AS: I wouldn’t go that far, especially in terms of sales anyway. I’ve been fortunate to release some GREAT albums this year though. I’m not the most prolific when it comes to putting lots out (I can’t afford to) and I think releasing six albums this year (Bad Guys, Henry Blacker, Tropical Trash, Shit And Shine, Early Mammal & Workin’ Man Noise Unit) may be a record yearly output for the label.
I love them all and can stand alongside them and say ‘no shit here’. Well, at least to my ears anyway … Ha.
CC: I’ve always thought of Riot Season that releases real brutal, maxed out stuff … but there’s some real variety now, you can even make out some of the lyrics. Are you pushing the horizons of the label?

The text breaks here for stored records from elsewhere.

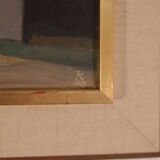 "Grötviks sjöbodar, Söndrum" de Ragnar Ring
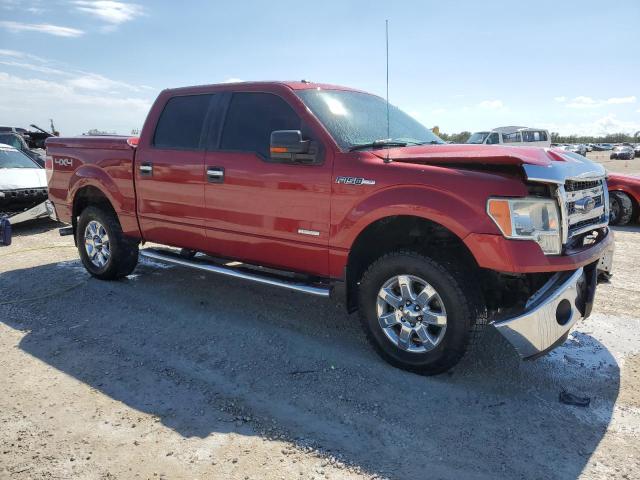 Photo 4 from auction – 2013 FORD F150 SUPER with VIN 1FTFW1ETXDFA78516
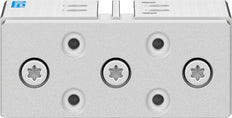 Festo Cilindro Guiado 20mm Diámetro 30mm Carrera Doble Efecto - 170917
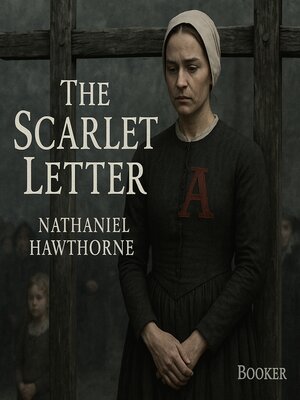 cover image of The Scarlet Letter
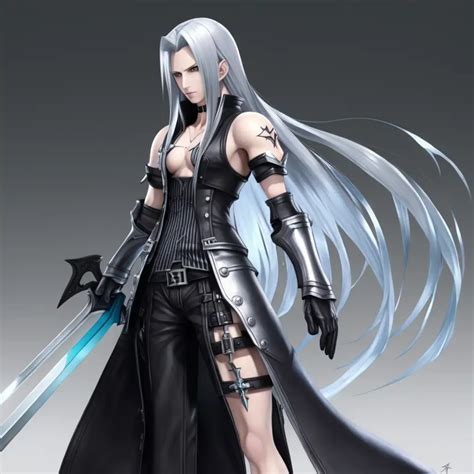 Unveiling the Female Sephiroth: A Journey of Self-Discovery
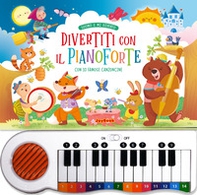 Divertiti con il pianoforte con 10 famose canzoncine - Librerie.coop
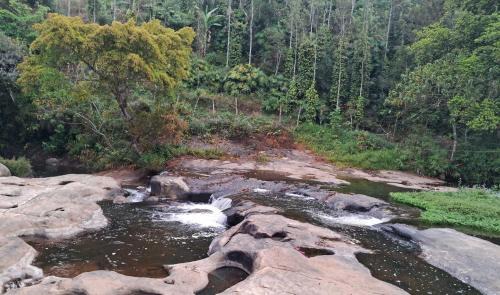Kodaikanal Other | mysterious falls and bungalow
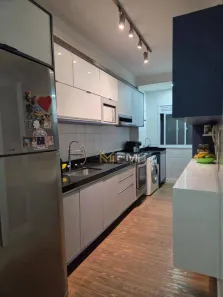 Apartamento com 3 Quartos à venda, 73m² no Vila Ipê, Hortolândia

AS: Laughing, it is a welcome change to have some sing-a-long tunes to be honest. There’s certainly been no conscious decision to push any new horizons though. From day one all I’ve set out to do, is put out music I love myself. That’s all. As the years have worn on I’ve also had to realise that I can’t put out everything that I hear and love. It’s just not doable in today’s climate. If I do put something out by a new band now, not only do I have to love it I also now need to be really sure that I can at least do it without losing money. And frankly that’s not always an easy task. Some labels have the luxury of having a big selling band that can help cover the outlays for lesser known stuff, or they have a dedicated customer base that will buy all their new releases regardless of who they’re by, I don’t have that, and never really have truth be told.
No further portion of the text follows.